(EXERCISE REQUIREMENTS)
A single stretch of the material below is to be transcribed exactly, starting at the line with "ニフティー(NIFTY) ☆ケアブリーチ×ベージュ☆" and ending after the line with "Oval Harmony Diamond iternity band Caratlink".

(EXTRACTED ENTRIES)
#####
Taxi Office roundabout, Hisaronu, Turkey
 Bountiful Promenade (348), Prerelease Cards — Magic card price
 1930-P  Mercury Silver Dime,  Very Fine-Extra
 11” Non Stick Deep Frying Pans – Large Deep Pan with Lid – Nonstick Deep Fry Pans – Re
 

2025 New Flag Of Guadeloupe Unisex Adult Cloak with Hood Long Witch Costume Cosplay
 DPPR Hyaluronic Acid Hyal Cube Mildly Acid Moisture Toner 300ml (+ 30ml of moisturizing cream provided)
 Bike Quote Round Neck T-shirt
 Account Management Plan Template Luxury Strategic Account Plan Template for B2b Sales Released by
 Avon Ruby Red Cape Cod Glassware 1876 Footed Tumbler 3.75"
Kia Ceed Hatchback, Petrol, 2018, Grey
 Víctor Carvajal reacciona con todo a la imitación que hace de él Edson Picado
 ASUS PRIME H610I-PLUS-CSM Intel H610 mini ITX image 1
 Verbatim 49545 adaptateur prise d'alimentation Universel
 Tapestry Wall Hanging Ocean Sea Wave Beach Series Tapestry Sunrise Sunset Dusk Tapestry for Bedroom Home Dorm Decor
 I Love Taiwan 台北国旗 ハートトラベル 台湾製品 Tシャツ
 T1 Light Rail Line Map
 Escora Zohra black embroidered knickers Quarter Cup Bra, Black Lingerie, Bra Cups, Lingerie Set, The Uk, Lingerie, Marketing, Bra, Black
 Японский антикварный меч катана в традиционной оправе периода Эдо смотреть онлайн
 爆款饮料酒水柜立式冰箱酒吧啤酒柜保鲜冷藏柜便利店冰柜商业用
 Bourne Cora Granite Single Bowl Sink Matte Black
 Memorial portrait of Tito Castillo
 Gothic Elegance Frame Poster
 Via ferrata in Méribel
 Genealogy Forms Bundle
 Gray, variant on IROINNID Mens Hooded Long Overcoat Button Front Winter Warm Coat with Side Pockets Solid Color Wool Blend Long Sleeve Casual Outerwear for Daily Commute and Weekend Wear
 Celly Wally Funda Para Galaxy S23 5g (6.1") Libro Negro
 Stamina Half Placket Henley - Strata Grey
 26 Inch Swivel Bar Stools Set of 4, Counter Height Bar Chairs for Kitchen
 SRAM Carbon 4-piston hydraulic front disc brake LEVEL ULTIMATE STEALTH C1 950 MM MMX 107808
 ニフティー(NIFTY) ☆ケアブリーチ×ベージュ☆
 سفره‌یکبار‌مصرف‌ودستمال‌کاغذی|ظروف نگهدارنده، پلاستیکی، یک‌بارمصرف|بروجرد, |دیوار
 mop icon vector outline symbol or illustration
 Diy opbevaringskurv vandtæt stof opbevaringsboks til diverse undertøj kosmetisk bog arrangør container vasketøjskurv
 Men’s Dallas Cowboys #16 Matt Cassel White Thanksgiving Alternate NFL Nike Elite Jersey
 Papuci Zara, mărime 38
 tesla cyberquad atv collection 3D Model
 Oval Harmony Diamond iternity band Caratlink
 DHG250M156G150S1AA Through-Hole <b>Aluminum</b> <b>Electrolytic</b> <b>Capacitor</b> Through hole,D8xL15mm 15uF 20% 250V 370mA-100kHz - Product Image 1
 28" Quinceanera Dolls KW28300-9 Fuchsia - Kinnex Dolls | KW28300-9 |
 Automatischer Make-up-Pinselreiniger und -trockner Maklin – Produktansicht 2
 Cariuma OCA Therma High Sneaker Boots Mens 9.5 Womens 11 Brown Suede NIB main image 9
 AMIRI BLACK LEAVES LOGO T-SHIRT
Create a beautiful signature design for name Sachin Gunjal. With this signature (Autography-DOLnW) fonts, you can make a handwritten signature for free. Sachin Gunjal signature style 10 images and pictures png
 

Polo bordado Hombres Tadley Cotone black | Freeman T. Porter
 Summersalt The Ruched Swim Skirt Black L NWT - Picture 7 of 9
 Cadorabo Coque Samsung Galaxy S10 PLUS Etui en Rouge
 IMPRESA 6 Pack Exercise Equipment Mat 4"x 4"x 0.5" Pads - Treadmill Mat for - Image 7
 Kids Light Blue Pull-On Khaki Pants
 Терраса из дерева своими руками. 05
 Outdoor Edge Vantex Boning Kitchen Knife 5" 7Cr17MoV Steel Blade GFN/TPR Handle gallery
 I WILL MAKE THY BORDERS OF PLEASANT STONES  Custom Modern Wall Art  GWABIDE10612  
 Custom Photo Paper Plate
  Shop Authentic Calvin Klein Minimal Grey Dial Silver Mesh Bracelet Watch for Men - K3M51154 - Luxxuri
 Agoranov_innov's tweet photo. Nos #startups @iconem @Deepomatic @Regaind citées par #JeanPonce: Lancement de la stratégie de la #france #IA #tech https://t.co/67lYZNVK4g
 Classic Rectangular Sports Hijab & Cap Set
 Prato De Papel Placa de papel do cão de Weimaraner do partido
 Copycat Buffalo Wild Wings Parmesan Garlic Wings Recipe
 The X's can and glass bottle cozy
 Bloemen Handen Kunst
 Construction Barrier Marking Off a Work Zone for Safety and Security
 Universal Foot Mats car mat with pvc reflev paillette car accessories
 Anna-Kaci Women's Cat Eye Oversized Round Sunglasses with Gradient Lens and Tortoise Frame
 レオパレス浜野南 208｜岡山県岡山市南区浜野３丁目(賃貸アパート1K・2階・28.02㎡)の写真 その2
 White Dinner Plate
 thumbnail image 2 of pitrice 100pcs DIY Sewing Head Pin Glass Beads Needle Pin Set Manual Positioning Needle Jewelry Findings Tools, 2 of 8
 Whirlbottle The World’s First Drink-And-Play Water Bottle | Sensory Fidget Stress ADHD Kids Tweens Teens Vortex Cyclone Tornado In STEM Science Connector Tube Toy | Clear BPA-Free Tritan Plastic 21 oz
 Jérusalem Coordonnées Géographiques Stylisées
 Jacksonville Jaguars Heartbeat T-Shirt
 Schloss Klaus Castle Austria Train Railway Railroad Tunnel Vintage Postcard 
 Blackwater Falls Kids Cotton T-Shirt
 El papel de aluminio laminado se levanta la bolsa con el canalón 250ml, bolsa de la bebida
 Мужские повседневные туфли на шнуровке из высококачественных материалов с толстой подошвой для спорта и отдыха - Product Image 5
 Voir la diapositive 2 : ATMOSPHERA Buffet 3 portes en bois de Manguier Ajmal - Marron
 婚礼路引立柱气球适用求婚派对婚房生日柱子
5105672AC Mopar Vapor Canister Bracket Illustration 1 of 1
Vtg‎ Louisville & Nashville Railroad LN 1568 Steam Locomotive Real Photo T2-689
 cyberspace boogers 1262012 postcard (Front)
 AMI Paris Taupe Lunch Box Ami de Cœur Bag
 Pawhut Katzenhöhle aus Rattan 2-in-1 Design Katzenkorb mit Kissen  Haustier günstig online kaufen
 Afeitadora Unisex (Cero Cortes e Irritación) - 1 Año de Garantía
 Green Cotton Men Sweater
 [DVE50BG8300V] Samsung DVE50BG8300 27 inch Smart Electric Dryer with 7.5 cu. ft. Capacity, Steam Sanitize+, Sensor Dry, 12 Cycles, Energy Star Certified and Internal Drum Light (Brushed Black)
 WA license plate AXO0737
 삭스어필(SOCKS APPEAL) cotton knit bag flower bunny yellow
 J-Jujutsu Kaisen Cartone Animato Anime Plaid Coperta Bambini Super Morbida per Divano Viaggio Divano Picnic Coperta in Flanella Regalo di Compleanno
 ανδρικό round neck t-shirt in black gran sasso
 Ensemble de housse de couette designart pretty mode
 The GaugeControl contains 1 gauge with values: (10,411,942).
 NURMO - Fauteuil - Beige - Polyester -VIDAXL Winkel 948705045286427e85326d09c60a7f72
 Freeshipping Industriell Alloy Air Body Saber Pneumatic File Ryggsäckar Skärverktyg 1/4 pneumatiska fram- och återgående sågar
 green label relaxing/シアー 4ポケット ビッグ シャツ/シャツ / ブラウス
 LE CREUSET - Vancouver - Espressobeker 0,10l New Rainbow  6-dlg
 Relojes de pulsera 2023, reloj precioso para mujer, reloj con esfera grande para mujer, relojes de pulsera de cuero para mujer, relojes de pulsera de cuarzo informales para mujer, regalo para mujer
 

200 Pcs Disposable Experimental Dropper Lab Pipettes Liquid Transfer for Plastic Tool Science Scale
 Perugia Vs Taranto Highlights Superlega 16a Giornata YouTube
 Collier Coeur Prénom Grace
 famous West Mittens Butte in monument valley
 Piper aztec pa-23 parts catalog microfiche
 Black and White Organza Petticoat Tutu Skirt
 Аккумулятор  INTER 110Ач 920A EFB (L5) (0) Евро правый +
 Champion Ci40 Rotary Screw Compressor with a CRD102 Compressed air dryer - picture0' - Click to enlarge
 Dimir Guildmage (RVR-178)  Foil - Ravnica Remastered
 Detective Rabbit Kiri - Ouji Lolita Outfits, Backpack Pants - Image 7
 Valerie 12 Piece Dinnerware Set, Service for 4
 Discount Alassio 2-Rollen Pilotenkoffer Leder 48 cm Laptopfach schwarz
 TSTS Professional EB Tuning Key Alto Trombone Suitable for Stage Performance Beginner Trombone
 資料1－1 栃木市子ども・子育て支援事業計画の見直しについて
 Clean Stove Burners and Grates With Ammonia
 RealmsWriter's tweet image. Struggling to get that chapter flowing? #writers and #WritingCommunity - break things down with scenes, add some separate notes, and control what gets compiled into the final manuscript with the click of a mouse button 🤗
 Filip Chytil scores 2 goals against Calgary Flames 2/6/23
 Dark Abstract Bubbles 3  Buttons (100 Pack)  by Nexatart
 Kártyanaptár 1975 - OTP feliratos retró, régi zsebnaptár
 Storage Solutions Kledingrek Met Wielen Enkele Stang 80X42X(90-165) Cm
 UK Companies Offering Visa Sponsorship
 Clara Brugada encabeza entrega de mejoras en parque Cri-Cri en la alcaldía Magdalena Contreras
#####
(ANSWER TO THE EXERCISE)
 ニフティー(NIFTY) ☆ケアブリーチ×ベージュ☆
 سفره‌یکبار‌مصرف‌ودستمال‌کاغذی|ظروف نگهدارنده، پلاستیکی، یک‌بارمصرف|بروجرد, |دیوار
 mop icon vector outline symbol or illustration
 Diy opbevaringskurv vandtæt stof opbevaringsboks til diverse undertøj kosmetisk bog arrangør container vasketøjskurv
 Men’s Dallas Cowboys #16 Matt Cassel White Thanksgiving Alternate NFL Nike Elite Jersey
 Papuci Zara, mărime 38
 tesla cyberquad atv collection 3D Model
 Oval Harmony Diamond iternity band Caratlink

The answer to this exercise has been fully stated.